Exercise input >>
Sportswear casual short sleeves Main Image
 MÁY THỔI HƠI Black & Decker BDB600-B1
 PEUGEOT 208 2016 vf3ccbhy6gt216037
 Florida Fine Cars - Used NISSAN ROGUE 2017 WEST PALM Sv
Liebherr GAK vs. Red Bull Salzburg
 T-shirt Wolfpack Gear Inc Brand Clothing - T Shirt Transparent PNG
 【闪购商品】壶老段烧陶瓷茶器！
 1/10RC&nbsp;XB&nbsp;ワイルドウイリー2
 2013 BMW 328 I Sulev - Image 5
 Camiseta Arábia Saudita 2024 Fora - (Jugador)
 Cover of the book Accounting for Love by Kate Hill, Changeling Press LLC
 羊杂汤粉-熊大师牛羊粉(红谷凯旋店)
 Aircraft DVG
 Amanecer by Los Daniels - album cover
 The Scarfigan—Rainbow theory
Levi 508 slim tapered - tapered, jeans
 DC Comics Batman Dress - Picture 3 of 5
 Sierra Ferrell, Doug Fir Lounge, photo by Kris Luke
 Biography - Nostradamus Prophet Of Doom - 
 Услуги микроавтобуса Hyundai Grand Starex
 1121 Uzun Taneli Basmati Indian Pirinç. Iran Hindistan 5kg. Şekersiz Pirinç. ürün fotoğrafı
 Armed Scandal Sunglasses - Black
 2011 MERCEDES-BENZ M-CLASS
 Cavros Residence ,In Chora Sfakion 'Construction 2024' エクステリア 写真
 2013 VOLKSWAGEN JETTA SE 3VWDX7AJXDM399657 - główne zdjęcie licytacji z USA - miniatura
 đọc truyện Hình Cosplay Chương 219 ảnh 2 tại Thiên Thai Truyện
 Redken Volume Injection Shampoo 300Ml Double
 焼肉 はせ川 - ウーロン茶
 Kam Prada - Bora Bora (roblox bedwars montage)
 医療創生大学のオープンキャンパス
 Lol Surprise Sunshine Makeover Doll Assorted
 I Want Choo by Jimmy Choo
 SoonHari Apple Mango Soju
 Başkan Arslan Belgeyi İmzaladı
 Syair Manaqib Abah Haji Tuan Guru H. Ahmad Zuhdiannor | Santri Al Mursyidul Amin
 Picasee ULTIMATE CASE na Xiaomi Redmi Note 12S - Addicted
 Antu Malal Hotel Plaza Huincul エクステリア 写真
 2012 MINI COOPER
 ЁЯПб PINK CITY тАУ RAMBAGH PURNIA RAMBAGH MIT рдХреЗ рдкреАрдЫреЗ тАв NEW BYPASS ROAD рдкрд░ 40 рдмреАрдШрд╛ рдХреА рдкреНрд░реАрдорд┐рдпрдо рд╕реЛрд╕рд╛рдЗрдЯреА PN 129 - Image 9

Task directions >> Return the material exactly as it stands above, but only from its first line to the line containing "羊杂汤粉-熊大师牛羊粉(红谷凯旋店)", both ends included.

Answer for this exercise >>
Sportswear casual short sleeves Main Image
 MÁY THỔI HƠI Black & Decker BDB600-B1
 PEUGEOT 208 2016 vf3ccbhy6gt216037
 Florida Fine Cars - Used NISSAN ROGUE 2017 WEST PALM Sv
Liebherr GAK vs. Red Bull Salzburg
 T-shirt Wolfpack Gear Inc Brand Clothing - T Shirt Transparent PNG
 【闪购商品】壶老段烧陶瓷茶器！
 1/10RC&nbsp;XB&nbsp;ワイルドウイリー2
 2013 BMW 328 I Sulev - Image 5
 Camiseta Arábia Saudita 2024 Fora - (Jugador)
 Cover of the book Accounting for Love by Kate Hill, Changeling Press LLC
 羊杂汤粉-熊大师牛羊粉(红谷凯旋店)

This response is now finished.